## [Input data]
++++

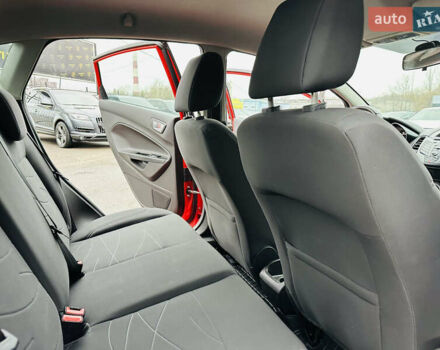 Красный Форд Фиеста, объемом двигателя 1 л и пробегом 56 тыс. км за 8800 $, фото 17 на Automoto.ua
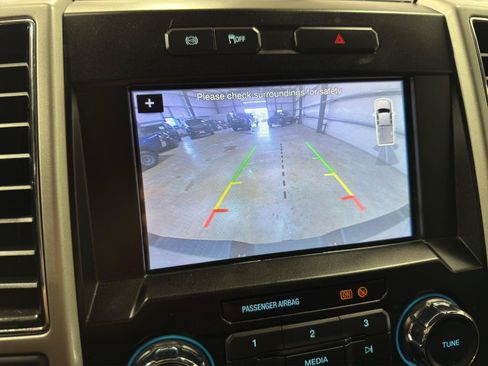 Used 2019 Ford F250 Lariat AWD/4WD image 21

++++

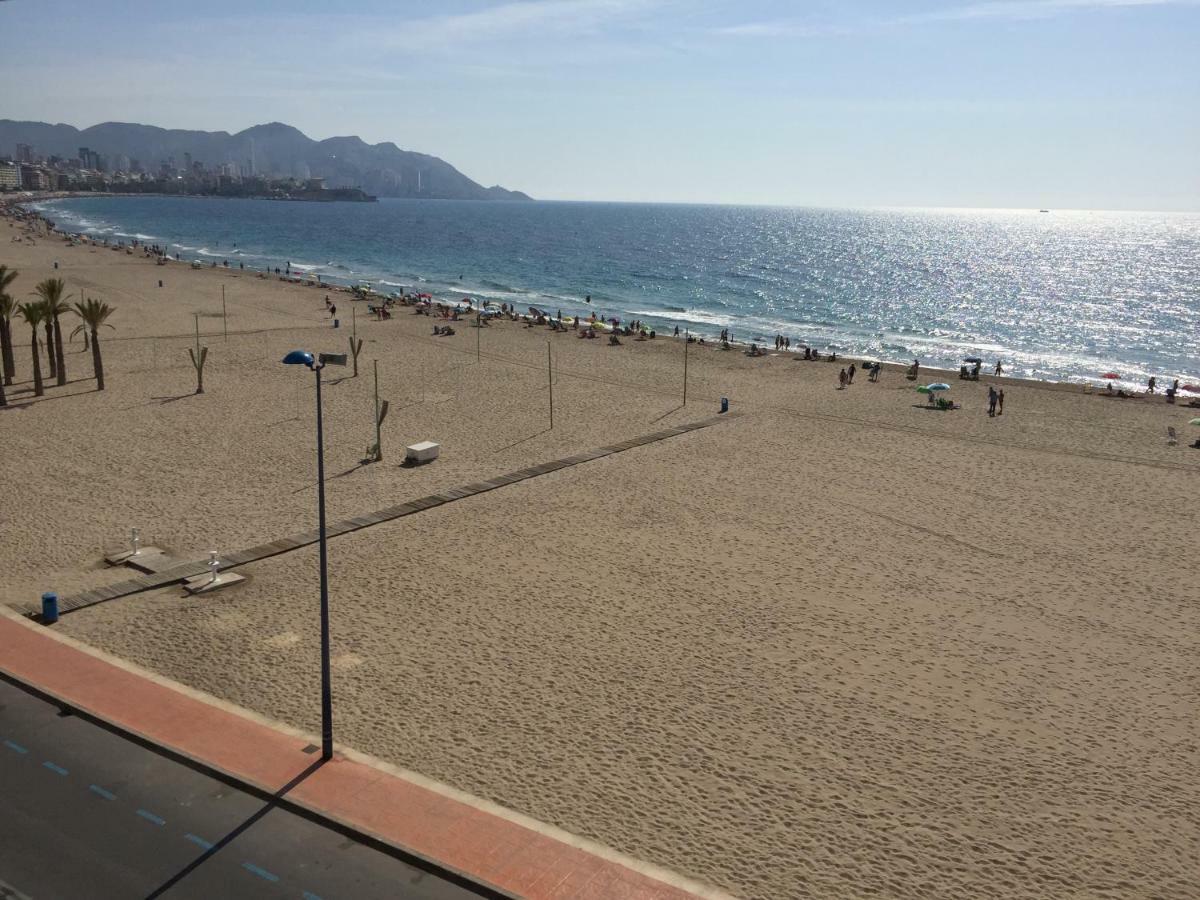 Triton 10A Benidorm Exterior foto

++++

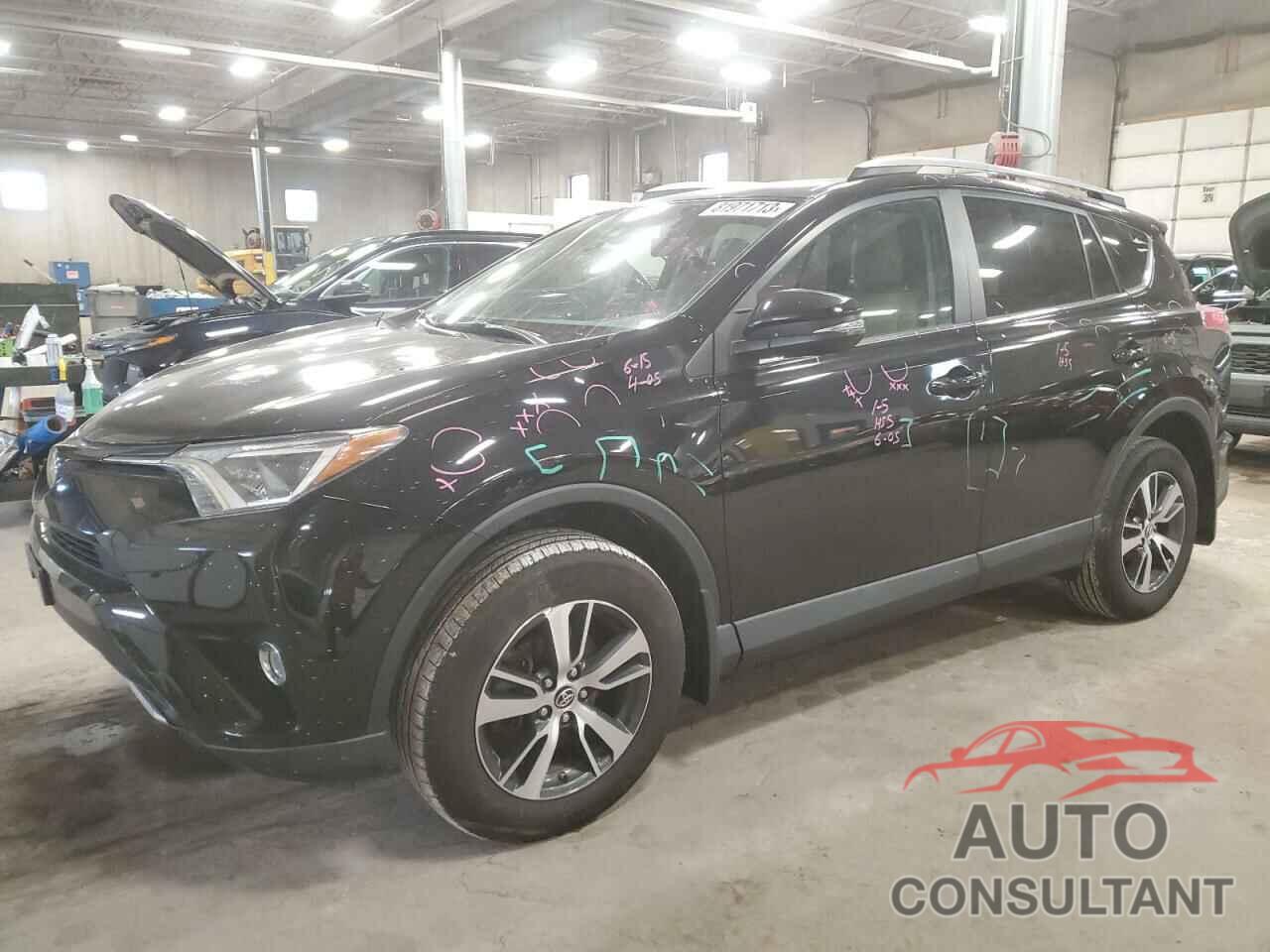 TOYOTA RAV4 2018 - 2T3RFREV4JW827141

++++

## [What is expected]
Repeat, word for word, the lines of the material above from the one holding "Красный Форд Фиеста, объемом" through the one holding "Used 2019 Ford F250 Lariat AWD/4WD image 21". Leave out pictures.

## [Solution to this problem]
 Красный Форд Фиеста, объемом двигателя 1 л и пробегом 56 тыс. км за 8800 $, фото 17 на Automoto.ua
 Used 2019 Ford F250 Lariat AWD/4WD image 21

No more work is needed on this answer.